The formation of the new government was welcomed even by the royalists of various hues in Parliament like Pashupati Shamshere Jang Bahadur Rana and former Prime Minister Suryabahadur Thapa.
While Rana advised the new government to make Nepal’s democracy inclusive by granting due share to the people of Terai (Madhesis), the Janjatis and other minorities, Thapa described the Maoists joining the government as the completion of a political phase and honouring a commitment in the roadmap for peace.
Bringing the Maoists into Parliament and then in the government was no easy task. The 83-year-old Koirala, often described as the “tallest leader” in south Asia today can be justifiably proud of his peace-making record. It was he who started the dialogue with the Maoists, formed an alliance of seven political parties to strengthen the dialogue process with the insurgents and pushed for their political accommodation.
This made possible a tumultuous people’s movement that the political parties and the Maoists led jointly. It resulted in the restoration of Parliament and the capitulation of the executive monarchy of King Gyanendra last April.
Although Koirala’s key partners in peace — Maoists leaders Prachanda and Baburam Bhattarai — have not themselves joined the government, credit goes to their sagacity and wisdom in making today’s interim government possible. They agreed to the cantonment of their cadre and put their weapons under the joint supervision of the UN.

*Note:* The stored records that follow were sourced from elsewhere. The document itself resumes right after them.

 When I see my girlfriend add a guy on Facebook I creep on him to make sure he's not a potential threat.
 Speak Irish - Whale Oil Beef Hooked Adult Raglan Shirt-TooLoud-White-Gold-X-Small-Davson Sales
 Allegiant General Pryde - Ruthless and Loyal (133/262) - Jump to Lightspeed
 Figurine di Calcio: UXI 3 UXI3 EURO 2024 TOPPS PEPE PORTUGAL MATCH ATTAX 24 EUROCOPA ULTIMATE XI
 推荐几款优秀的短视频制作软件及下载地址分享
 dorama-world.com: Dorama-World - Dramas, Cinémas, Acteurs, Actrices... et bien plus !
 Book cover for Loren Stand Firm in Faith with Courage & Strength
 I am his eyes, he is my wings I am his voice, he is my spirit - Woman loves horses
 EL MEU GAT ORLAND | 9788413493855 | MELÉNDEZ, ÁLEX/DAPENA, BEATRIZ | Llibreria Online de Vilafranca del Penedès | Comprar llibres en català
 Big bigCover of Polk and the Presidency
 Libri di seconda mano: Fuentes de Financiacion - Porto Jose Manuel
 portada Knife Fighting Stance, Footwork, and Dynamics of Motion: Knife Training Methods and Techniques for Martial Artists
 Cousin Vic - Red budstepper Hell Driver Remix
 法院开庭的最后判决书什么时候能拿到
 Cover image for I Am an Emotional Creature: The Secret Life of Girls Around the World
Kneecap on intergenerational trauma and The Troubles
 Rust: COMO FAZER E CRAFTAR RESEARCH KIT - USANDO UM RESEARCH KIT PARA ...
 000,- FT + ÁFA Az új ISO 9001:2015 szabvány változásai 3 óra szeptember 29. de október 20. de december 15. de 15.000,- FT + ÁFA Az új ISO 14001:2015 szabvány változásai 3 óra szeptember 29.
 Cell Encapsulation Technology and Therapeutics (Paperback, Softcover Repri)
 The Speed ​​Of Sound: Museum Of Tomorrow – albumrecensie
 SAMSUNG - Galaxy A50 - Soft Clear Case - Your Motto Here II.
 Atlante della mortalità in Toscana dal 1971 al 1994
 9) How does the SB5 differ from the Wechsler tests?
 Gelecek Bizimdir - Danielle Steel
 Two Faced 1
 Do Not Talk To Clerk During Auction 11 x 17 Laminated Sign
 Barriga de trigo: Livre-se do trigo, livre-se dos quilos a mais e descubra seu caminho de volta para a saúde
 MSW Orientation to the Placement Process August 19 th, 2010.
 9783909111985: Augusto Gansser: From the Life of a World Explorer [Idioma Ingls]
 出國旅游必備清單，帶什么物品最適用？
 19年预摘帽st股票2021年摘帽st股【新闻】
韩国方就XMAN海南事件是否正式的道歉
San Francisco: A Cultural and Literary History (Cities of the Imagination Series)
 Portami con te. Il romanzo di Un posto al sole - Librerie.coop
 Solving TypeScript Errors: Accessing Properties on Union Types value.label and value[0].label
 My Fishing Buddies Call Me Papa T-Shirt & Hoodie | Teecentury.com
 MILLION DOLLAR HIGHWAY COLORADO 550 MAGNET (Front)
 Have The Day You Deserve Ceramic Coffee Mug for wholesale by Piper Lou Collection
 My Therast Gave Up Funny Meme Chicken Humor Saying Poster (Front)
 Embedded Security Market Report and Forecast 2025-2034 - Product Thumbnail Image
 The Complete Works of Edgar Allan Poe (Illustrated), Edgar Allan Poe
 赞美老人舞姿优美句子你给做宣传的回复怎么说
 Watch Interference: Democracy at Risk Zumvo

Today, five of their comrades joined the interim government of Koirala.
True to their commitment of building an inclusive Nepal, their nominees to the new government show a wide representation of the multiplicity of people who make up Nepal — Krishna Bahadur Mahara (Chetri), Dev Gurung (Janjatis), Hisila Yami (women and Newars), Matrika Yadav (Madhesis) and Khadga Bahdur Biswakarma (Dalit).
The mandate of the interim government is to organise a free and fair election to a constituent assembly that will decide the future of the Nepalese state and polity. The election for the constituent assembly is to be held on June 20.
Earlier this morning, leaders of the eight party alliance signed five documents, committing them to a common minimum programme, a code of conduct for their ministers, working procedure of the interim government and for setting up a United Co-ordination Committee of the alliance consisting of its senior leaders to ensure smooth functioning of the government.